A WORLD TO WIN    #20   (1995)

 


Yankee Marauders
Out of Haiti!

- Statement by the Committee of the Revolutionary Internationalist Movement

10 October 1994

Once again the US army has intervened in a "crisis", this time invading and occupying Haiti behind a heavy barrage of slogans like "humanitarian interests", "stemming the refugee flow", "reinstalling a democratically-elected president" and disarming the dictatorship's "brutal armed forces". What?! - the world's biggest thugs and exploiters promising to "liberate" some of the world's poorest people from the clutches of the very killer thugs they themselves have trained and hired?! The US military's true mission in Haiti is as familiar as their increasingly frequent invasions around the world: to establish order, US-imposed order, in a situation that has slipped out of the imperialists' control.

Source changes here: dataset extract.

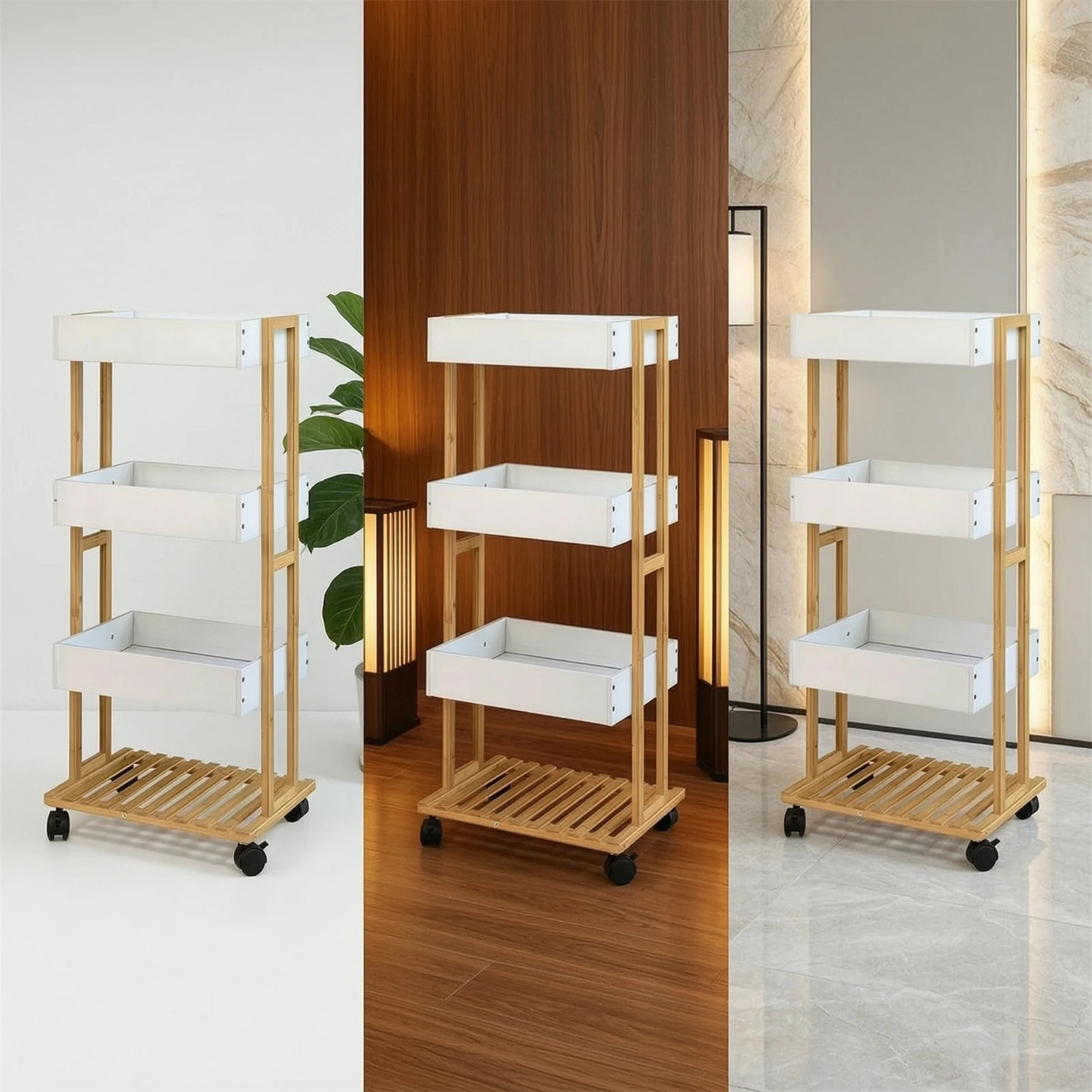 Bamboo Storage Trolley Slim Storage Cart with Wheels Rolling Utility Cart Mobile 4-Tier Rolling Organizer Freestanding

In the present international framework, marked by deepening imperialist crisis, the US imperialists are trying to head off mass revolts against their rule, especially in the neocolonies, while shoring up their position relative to the other imperialist powers. Since the collapse of their main rivals in the East, the Soviet social-imperialists, the US rulers feel they have a freer hand to clean up messy spots and patch up real and potential faultlines in their New World Order. But, as they have seen in Somalia, taking such a path is also filled with danger. Deep divisions exist within the US ruling class over how to proceed. These divisions were reflected in sharp in-fighting over whether, when and how to invade Haiti. But this in-fighting did not at all change their basic drive to establish political stability in the region and throughout Latin America, as a major step in dealing with the problems of their empire.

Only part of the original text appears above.